Thanks for creating this page
Submitted by iTiki (not registered) on Sun, 2009-05-24 01:27.

Just sending some mad gratitude for the precise instructions. Worked immediately with no alterations needed.

Submitted by Anders (not registered) on Sun, 2009-01-11 13:11.
It´s working perfect. Thank you so much!
Submitted by conwayse (registered user) on Tue, 2007-01-09 16:11.

I managed to connect to the server using MySQL Administrator. If you use an account other than root it needs to be able to login locally.

I got the following error message on connection: Either the server service or the configuration file could not be found. Startup variables and service section are therefor disabled. I suspect the author of this procedure has MySQL Administrator running locally and used this procedure to get a copy running on another machine.
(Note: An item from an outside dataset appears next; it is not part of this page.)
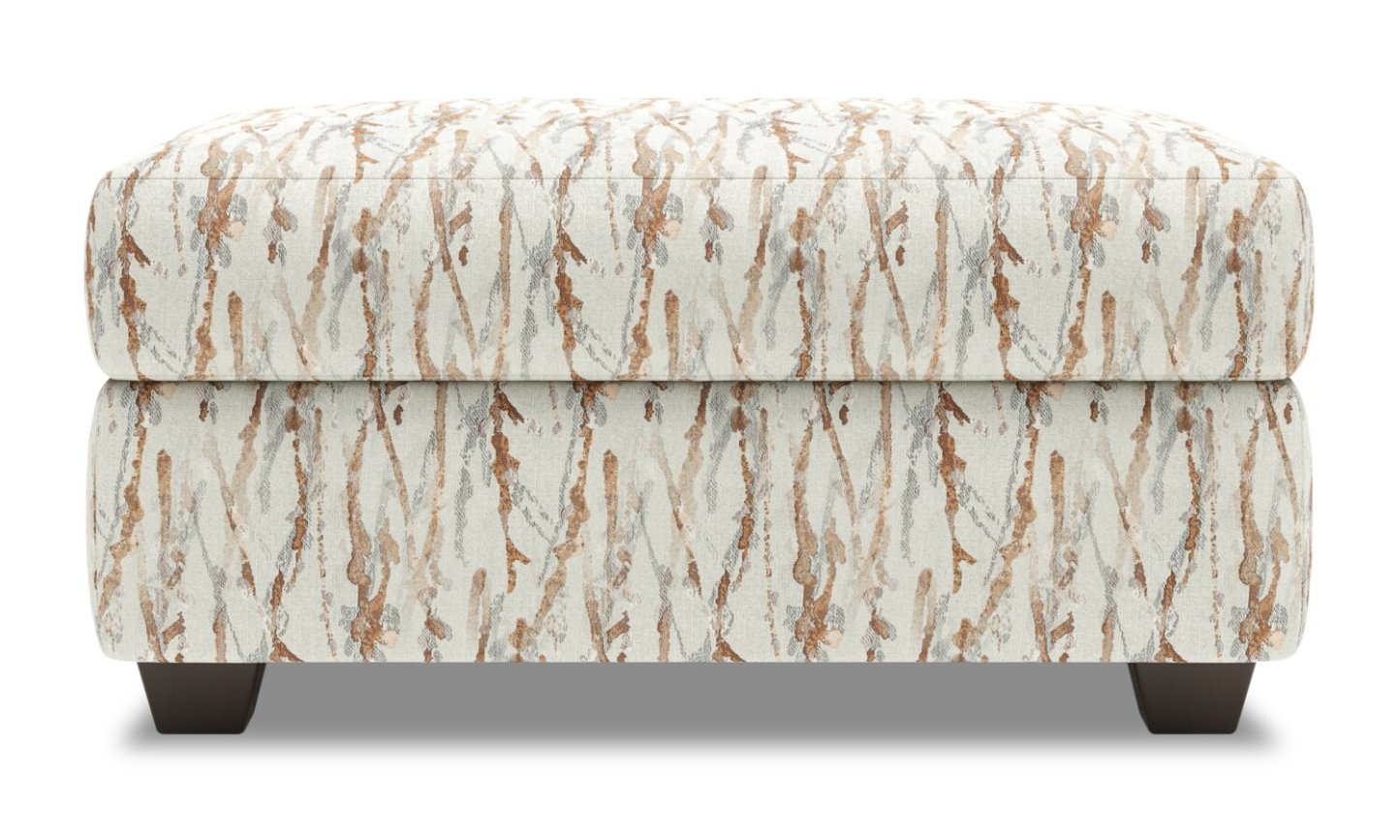 Fabriqué au Canada Pouf de rangement personnalisable The Trunk 39 en tissu - Mineral multicolore | Pouf de rangement The Trunk de Sofa Lab de 39 po fabriqué au Canada en tissu - Mineral multicolore | TRUN1149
Startup variables and service section are only available locally. This procedure when complete would be a great work around for those systems that don't run MySQL administrator locally. I suspect some local config files need to be installed on the server to support the software. If I get it to work I will leave the bread crumbs.

Submitted by kuriharu (registered user) on Wed, 2007-01-03 01:46.

I tried this but no dice. As requested, I opened a case in the forums.

This is a cool idea, tho'. For those who get it to work it's probably pretty cool!

 

Submitted by aut0maticdan (registered user) on Tue, 2007-01-02 16:42.

Make sure you use 127.0.0.1 or another alias (such as something hosts file) to make the mysql connection.  If you use "localhost" mysql, you will not be able to authenticate properly since mysql will think you are trying to use the local socket.

 This article is not incorrect,  but I didn't want any to go crazy with authentication problems trying to use localhost.

Submitted by Matthew M (not registered) on Mon, 2009-03-16 15:44.

One problem --

 This works if you're sitting at a PC and want secure access to your MySQL server. But what if you need to run a process once a day on your home server (or PC) and need a STABLE connection to your remote MySQL server?

 In other words, how do you connect to the server again when the connection gets dropped for whatever reason? How do you "re-open the tunnel" when it caves in, so to speak?

 Thanks,

Matthew

 

Submitted by Anonymous (not registered) on Tue, 2010-05-11 16:19.

You use screen command line application in linux  to use persistent connections.